CMOSプロセスは、フェアチャイルドセミコンダクター社のフランク・ワンラスが考案し、翌1963年にワンラスとチータン・サーが学会で発表したのが始まりである。RCA社は1960年代後半に「COS-MOS」という商標で商品化し[2]、他のメーカーに別の名称を探させ、1970年代前半には「CMOS」が標準的な名称となるに至った。
CMOSは、1980年代にNMOSロジックを抜いてVLSI用MOSFETの主流となり、TTL(Transistor-transistor logic)技術も置き換えた[3]。その後、CMOSはVLSIチップに搭載されるMOSFET半導体デバイスの標準的な製造プロセスであり続けている。2011年現在、ほとんどのデジタル、アナログ、ミックスドシグナルICを含むICチップがCMOS技術で製造されている。
CMOSデバイスの重要な特性は、高い耐ノイズ性と低い静的電力消費である。 MOSFETのペアのうち1つのトランジスタは常にオフであるため、直列の組み合わせはオンとオフを切り替える瞬間に大きな電力を消費するだけである。そのため、NMOSロジックやTTLのように状態変化していないときにも大きな定常電流が流れることはなく発熱が少ないため、高密度に集積できる。CMOSがVLSIチップの実装技術として最も広く使われるようになったのは、主にこのような理由による[4]。

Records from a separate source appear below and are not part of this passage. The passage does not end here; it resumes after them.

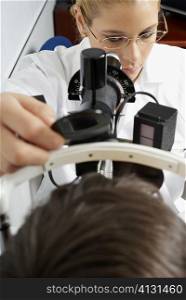Close-up of a female optometrist examining eyes of a patient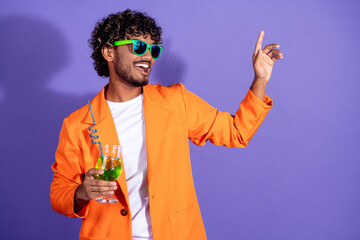 Canvas Print - Photo of attractive funny guy wear orange suit drinking cocktail waving emtpy space isolated violet color background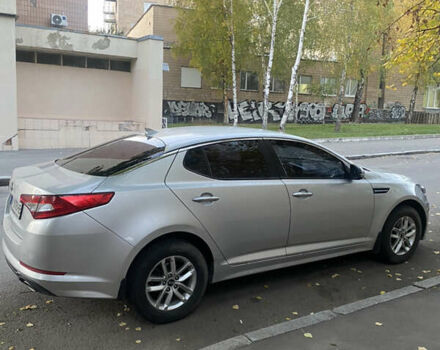 Серый Киа K5, объемом двигателя 2 л и пробегом 370 тыс. км за 8300 $, фото 1 на Automoto.ua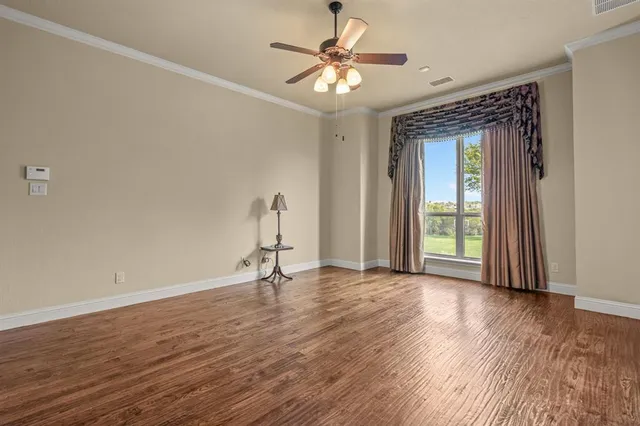 a bathroom with a granite countertop tub sink and mirror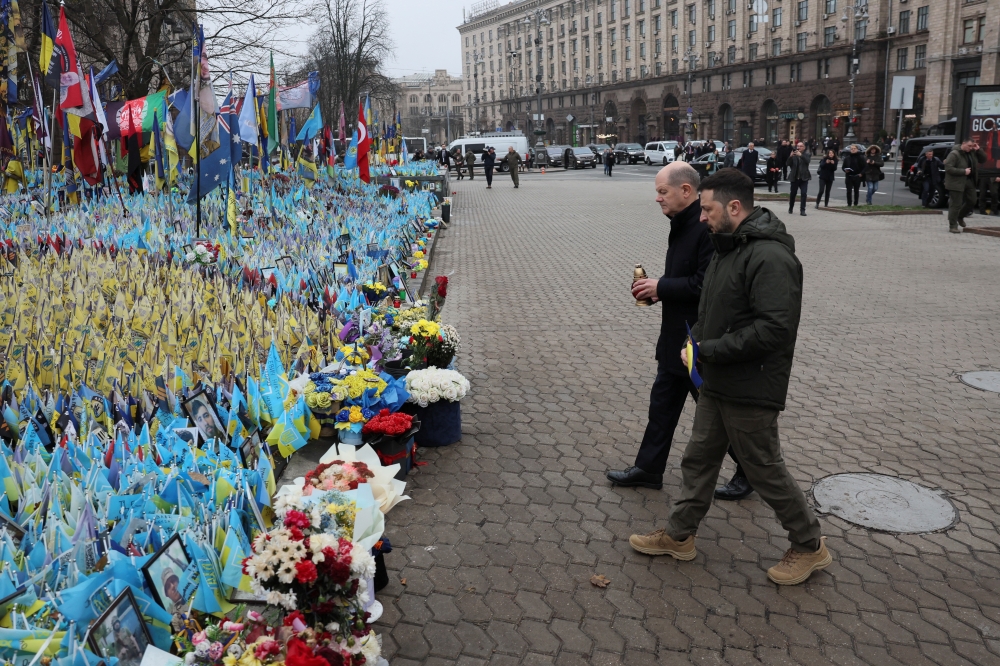 Ukraine's President Volodymyr Zelenskiy and German Chancellor Olaf Scholz visit a makeshift memorial place displaying Ukrainian flags, in Kyiv. — Reuters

MOSとはMetal(金属)-Oxide(酸化膜)-Semiconductor(半導体)の略で、MOS型電界効果トランジスタの物理的構造のことを指す。酸化膜絶縁体の上に金属ゲート電極を置き、さらにその上に半導体材料を置いたものである[1]。かつてはゲート電極としてアルミニウムが使われていたが、現在はポリシリコンが使われている[5]。IBMやインテルが45ナノメートル・ノード[6]以下のサイズで発表したように、CMOSプロセスにおける「高誘電率(high-k)/金属ゲート」の登場により、一部で金属ゲートが復活している[7]。
CMOSは常にエンハンスメントモードMOSFETを使用する。言い換えれば、ゲート-ソース間電圧がゼロの場合、トランジスタがオフになる[8]。